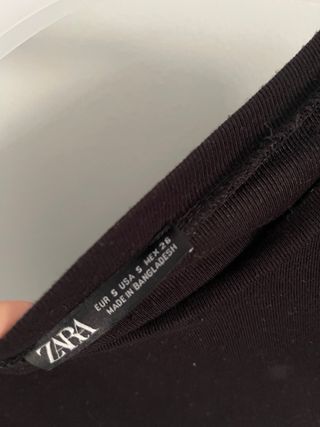 Top negro Zara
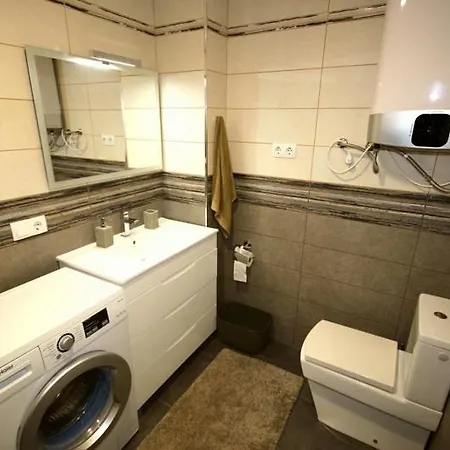 Современный Апартамент С 2 Спальнями В 200М От Пляжа Apartamento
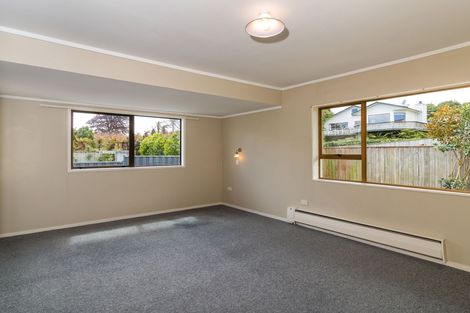 Photo of property in 2/8 Crowther Terrace, Waipahihi, Taupo, 3330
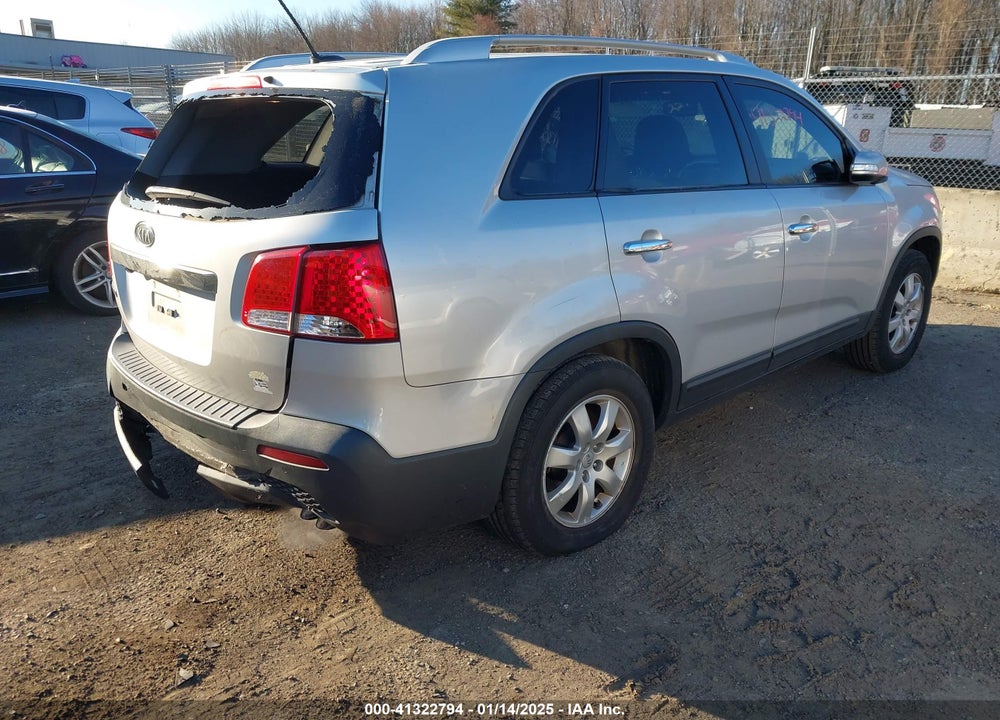 2013 KIA SORENTO LX VIN: 5XYKT3A6XDG406288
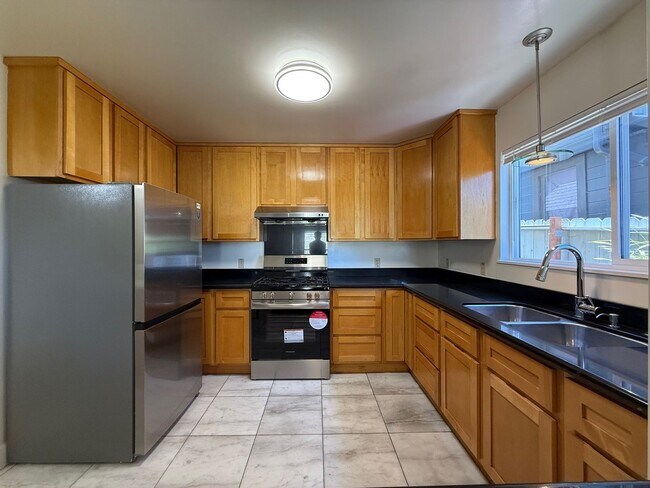 Foto del edificio - 2225-2225 9th Ave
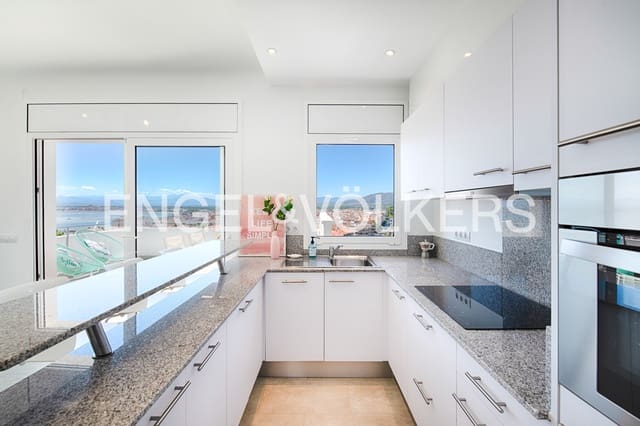 2 slaapkamer Appartement te koop in Roses - € 290.000 (Ref: 9958298)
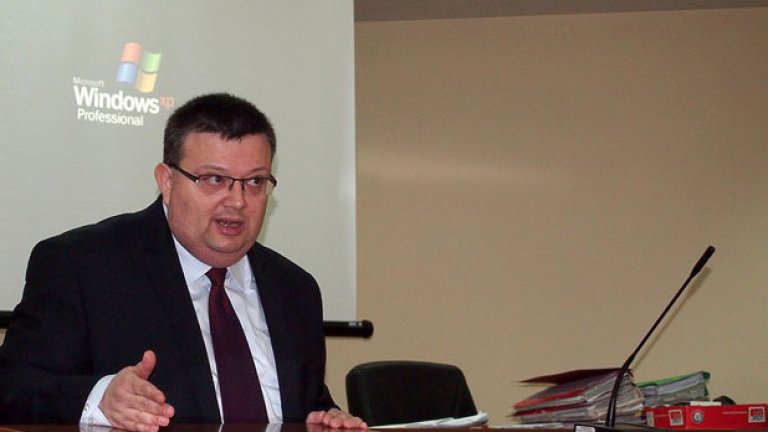Сотир Цацаров на първо заседание на Висшия съдебен съвет в качеството си на главен прокурор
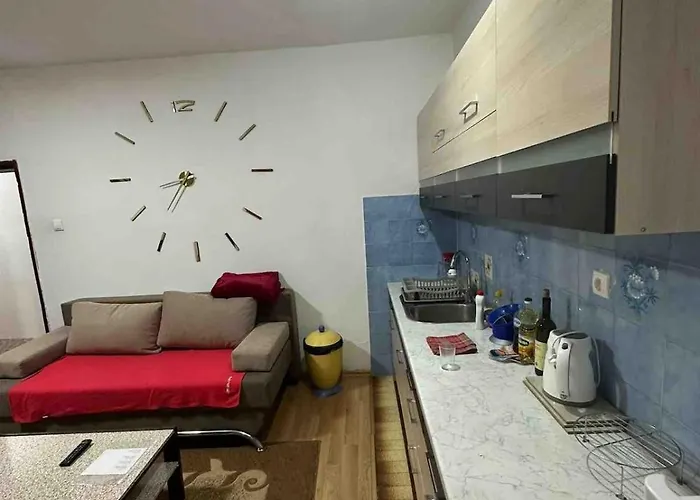 公寓 1 Bedroom Flat With Free Parking In B *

_What the exercise asks_
Please restate the whole listing exactly, without any of its pictures.

_Written reply_
 Top negro Zara
 Современный Апартамент С 2 Спальнями В 200М От Пляжа Apartamento
 Photo of property in 2/8 Crowther Terrace, Waipahihi, Taupo, 3330
 2013 KIA SORENTO LX VIN: 5XYKT3A6XDG406288
 Foto del edificio - 2225-2225 9th Ave
 2 slaapkamer Appartement te koop in Roses - € 290.000 (Ref: 9958298)
Сотир Цацаров на първо заседание на Висшия съдебен съвет в качеството си на главен прокурор
 公寓 1 Bedroom Flat With Free Parking In B *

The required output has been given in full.